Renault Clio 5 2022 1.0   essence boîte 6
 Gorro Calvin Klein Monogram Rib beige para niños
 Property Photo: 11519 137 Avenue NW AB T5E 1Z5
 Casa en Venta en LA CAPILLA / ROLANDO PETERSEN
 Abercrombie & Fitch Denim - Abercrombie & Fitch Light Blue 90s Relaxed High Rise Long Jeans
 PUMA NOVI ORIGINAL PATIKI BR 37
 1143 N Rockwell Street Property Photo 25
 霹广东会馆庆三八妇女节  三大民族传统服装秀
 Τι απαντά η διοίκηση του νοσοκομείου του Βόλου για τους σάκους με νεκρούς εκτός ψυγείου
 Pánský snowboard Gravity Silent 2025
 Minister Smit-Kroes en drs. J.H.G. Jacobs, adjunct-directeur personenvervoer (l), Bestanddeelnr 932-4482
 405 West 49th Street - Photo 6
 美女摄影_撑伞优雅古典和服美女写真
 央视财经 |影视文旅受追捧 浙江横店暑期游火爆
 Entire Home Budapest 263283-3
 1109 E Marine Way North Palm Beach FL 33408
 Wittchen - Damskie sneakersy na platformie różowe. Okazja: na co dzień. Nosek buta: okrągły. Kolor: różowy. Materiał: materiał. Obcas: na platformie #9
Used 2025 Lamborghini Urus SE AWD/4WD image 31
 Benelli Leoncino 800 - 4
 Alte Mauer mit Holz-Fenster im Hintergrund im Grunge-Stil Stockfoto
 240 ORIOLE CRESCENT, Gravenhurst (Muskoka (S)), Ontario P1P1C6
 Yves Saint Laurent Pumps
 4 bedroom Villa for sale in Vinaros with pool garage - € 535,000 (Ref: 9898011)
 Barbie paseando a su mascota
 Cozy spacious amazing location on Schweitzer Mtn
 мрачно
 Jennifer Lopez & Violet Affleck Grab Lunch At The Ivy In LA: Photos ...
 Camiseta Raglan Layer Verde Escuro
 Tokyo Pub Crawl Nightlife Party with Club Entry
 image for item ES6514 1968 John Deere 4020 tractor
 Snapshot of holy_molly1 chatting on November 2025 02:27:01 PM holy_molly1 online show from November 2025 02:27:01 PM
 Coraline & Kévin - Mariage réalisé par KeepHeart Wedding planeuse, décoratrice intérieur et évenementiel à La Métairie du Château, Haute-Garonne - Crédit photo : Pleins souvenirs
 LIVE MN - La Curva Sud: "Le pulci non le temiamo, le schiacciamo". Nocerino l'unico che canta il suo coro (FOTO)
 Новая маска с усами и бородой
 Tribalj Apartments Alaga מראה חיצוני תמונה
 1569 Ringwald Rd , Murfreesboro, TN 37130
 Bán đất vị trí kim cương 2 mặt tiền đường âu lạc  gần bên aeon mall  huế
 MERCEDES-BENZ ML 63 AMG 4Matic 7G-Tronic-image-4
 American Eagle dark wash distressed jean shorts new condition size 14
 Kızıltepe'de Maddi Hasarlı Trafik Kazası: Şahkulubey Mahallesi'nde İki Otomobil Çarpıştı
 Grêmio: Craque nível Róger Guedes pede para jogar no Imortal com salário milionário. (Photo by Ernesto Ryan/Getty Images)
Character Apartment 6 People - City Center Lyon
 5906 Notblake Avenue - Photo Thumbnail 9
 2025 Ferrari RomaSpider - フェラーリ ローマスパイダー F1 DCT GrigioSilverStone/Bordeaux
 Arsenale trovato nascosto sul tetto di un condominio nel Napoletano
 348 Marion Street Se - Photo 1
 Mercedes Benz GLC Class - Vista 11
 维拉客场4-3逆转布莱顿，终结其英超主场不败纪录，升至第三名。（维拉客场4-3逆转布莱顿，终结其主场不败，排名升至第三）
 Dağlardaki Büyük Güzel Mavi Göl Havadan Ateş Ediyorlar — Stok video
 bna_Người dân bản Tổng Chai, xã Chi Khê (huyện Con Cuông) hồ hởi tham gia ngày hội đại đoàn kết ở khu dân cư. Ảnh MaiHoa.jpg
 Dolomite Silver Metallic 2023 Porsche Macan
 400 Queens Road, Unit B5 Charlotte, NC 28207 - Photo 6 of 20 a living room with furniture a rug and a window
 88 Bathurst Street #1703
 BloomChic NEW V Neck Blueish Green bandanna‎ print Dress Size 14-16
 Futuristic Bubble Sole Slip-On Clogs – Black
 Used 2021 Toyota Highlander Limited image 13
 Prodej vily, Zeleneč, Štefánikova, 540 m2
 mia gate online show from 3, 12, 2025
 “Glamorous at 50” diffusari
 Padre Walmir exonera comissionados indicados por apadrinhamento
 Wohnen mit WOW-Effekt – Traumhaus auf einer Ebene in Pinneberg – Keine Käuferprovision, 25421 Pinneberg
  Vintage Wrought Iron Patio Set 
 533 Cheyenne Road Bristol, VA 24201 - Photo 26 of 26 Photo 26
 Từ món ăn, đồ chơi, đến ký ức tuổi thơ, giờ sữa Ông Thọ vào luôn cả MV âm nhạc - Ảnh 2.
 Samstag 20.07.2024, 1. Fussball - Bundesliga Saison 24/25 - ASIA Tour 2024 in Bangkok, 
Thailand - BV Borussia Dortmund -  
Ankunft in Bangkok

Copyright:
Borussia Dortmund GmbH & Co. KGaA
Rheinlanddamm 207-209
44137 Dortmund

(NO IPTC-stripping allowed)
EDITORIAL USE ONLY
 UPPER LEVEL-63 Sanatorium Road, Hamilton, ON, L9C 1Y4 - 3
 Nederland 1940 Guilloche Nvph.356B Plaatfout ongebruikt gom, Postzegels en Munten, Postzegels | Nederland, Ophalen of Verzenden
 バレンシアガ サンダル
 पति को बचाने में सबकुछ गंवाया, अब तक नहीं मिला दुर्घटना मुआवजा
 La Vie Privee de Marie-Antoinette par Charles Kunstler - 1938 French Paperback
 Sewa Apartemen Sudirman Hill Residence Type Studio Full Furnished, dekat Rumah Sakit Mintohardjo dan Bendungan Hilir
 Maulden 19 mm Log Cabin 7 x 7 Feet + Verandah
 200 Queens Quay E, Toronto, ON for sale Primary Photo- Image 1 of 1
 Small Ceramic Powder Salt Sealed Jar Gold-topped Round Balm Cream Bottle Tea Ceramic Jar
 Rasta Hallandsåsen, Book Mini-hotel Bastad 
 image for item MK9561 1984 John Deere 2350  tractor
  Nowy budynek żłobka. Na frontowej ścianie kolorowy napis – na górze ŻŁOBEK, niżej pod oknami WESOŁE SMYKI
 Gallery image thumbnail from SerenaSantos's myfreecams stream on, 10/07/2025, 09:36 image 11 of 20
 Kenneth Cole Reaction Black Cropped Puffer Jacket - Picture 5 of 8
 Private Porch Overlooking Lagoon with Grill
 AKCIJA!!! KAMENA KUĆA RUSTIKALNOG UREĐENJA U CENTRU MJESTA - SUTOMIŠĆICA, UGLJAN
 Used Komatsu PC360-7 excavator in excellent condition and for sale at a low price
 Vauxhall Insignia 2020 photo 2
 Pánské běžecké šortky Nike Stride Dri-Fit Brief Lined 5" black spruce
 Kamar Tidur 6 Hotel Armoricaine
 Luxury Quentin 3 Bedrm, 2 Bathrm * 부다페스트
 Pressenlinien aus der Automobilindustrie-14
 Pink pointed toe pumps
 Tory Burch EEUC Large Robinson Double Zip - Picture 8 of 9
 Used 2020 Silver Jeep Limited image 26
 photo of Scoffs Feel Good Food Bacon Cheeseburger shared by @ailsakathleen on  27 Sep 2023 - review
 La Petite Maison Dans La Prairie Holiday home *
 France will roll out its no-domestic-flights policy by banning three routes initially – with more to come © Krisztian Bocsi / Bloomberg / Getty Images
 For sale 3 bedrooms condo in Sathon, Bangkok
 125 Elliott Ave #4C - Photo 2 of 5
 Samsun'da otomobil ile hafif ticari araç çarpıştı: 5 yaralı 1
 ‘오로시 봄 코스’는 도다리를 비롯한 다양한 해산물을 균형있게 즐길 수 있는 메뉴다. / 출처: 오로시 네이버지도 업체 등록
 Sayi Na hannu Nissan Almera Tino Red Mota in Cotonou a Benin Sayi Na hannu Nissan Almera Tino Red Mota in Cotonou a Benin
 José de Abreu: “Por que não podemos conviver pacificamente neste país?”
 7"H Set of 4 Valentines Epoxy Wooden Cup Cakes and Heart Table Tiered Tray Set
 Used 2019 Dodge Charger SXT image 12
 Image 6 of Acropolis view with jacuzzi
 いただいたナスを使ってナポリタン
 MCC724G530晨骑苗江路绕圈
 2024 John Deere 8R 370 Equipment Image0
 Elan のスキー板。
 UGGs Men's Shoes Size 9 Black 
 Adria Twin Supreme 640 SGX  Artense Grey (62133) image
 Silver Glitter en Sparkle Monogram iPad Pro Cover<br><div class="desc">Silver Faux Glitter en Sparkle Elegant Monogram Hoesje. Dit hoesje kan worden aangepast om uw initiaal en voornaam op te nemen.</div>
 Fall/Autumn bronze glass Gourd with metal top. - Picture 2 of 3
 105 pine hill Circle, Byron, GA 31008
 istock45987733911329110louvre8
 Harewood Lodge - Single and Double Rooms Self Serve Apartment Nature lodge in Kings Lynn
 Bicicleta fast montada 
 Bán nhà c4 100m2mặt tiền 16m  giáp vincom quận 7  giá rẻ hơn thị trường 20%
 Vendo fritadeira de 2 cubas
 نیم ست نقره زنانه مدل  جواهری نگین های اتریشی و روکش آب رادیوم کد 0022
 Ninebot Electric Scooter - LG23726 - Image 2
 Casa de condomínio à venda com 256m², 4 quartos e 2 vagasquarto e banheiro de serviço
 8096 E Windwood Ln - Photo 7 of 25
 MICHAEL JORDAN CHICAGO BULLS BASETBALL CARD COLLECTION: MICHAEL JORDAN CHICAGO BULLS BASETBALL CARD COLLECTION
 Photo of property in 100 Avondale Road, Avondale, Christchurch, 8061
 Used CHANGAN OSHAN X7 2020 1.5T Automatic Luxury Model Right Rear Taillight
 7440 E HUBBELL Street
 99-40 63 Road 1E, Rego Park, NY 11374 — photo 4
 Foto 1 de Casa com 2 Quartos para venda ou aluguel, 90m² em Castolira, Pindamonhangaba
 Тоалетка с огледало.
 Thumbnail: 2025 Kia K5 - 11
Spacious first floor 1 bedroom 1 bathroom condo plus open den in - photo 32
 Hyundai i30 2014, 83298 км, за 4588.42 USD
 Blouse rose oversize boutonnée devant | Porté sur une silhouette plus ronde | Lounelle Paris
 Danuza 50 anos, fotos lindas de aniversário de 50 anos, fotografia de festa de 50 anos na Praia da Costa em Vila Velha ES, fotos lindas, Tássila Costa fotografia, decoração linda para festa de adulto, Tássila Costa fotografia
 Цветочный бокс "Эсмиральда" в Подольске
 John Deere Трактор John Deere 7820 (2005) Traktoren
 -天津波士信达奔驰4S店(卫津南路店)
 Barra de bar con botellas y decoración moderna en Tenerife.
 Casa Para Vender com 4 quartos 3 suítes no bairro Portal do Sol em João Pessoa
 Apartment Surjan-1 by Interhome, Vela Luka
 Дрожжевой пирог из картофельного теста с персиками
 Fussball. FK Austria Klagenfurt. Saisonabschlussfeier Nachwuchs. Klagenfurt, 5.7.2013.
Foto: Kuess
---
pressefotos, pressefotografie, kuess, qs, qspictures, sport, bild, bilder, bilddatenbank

------------------------------------

● **Work to complete**
Check each line of the material above for "Avenue", count those that have it, and answer with the number alone.

● **Output of the exercise**
2